Mandatory Minimums Are Not Working, Many Officials Concede

WASHINGTON -- When New York Gov. George Pataki announced plans to reduce
prison terms for non-violent drug offenders last week, he joined an
emerging national movement in acknowledging that harsh punishments have
contributed to failed drug policy.

In New Mexico this month, a state advisory committee proposed radical
changes to existing drug laws that would do away with criminal penalties
for marijuana possession and eliminate mandatory-minimum prison sentences
for drug-related offenses.

The Massachusetts Legislature is considering restructuring the state's drug
laws to reduce steep mandatory-mini-mum punishments for first-time offenders.

And in Michigan, officials recently replaced mandatory life sentences with
parole-eligible prison terms for first-time cocaine and heroin offenders.

"The impetus for drug law reform in New York and across the nation has
never been stronger," says Edward Jurith, acting director of the White
House Office of National Drug Control Policy. "We cannot simply arrest our
way out of the problem of drug abuse and drug-related crime."

Long mandatory-minimum prison sentences for drug offenders were the rage in
the 1970s and '80s, when officials began to confront serious drug-related
crime in their states.

Nearly three decades later, those strict policies, some of which bought
many first-time drug offenders up to 15 years in prison, have only driven
up prison populations while having little influence on addiction, many
officials now acknowledge.

In New York, where existing drug laws are considered among the harshest and
date to the early 1970s, the new strategy "balances the need to crack down
on drug kingpins with common sense proposals to address overly severe
provisions of the Rockefeller-era drug laws," Pataki says.

Instead of 15-years-to-life terms for first-time, non-violent offenders
convicted of the most serious drug felonies, Pataki's plan calls for a
minimum of slightly more than eight years to life.

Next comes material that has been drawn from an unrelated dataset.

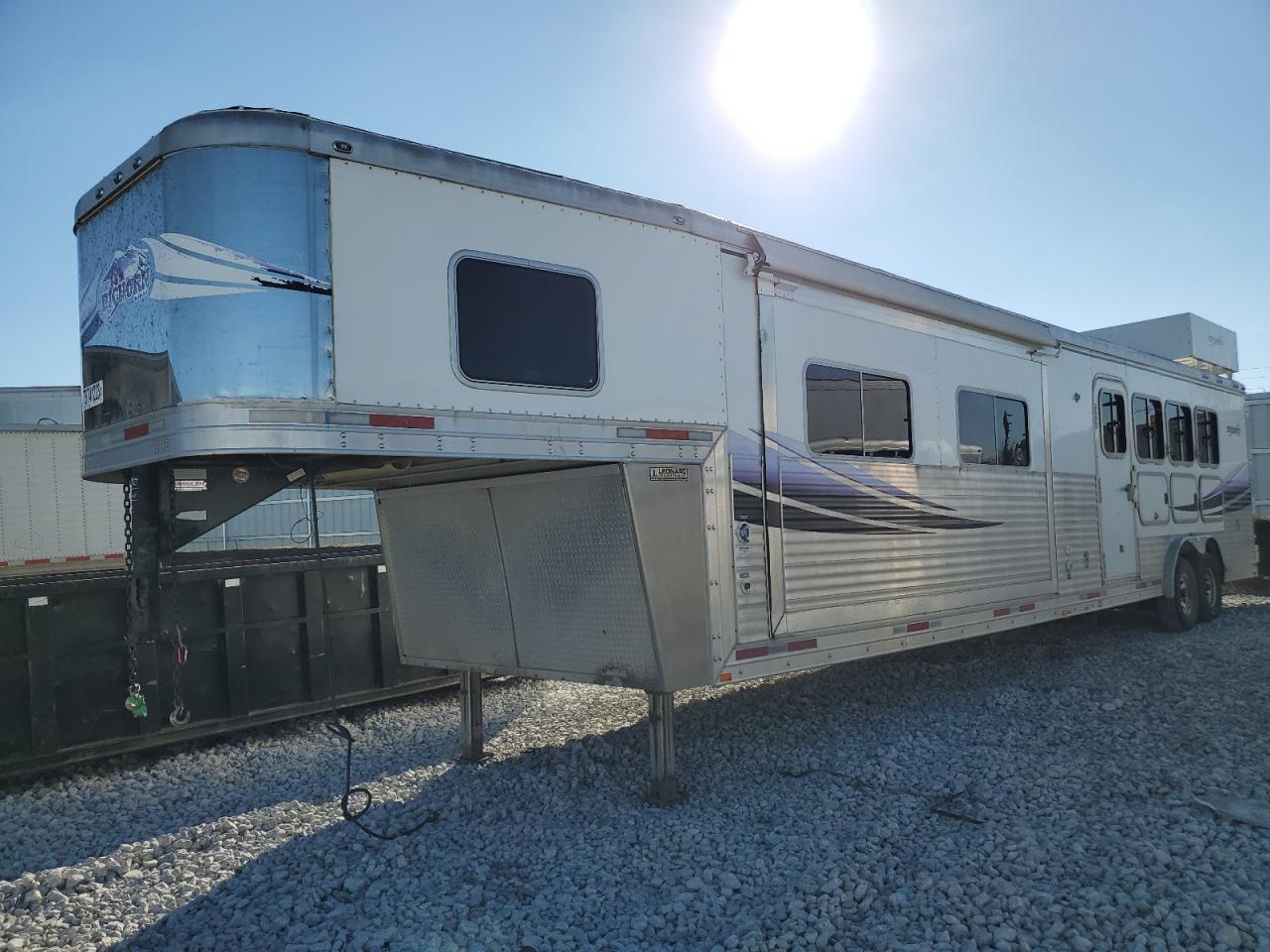 Image 2 of 2011 LAKO TRAILER 2011 with VIN 1L9GB0422B1387226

"Pataki has joined the ranks of state officials troubled that these
mandatory sentences have failed to accomplish what they were intended to
accomplish," says Laura Sager, executive director of Families Against
Mandatory Minimums. When the current drug laws were enacted in New York,
the state prison population numbered more than 12,000. That number has
increased to about 70,000 today, Pataki spokeswoman Caroline Quartararo says.

About 21,000 of those inmates are there for drug-related convictions. About
70% of them were involved in non-violent offenses.

"We want to keep the violent predators in prison longer and find treatment
for the low-level, non-violent drug offenders," Quartararo says.

Frank Carney, executive director of the Massachusetts Sentencing
Commission, says proposed changes pending before the state Legislature
"represent a comprehensive re-structuring of the drug laws toward moderation."

The commission, as in New York, has proposed reducing mandatory sentences
for non-violent first offenders from 15 years to a minimum of eight years.

"We found the sentences to be disproportionately long when compared to
punishments for rape and armed robbery," Carney says.

"Now there is a growing awareness that in the drug war there needs to be a
greater emphasis on treatment and perhaps less on taking prisoners."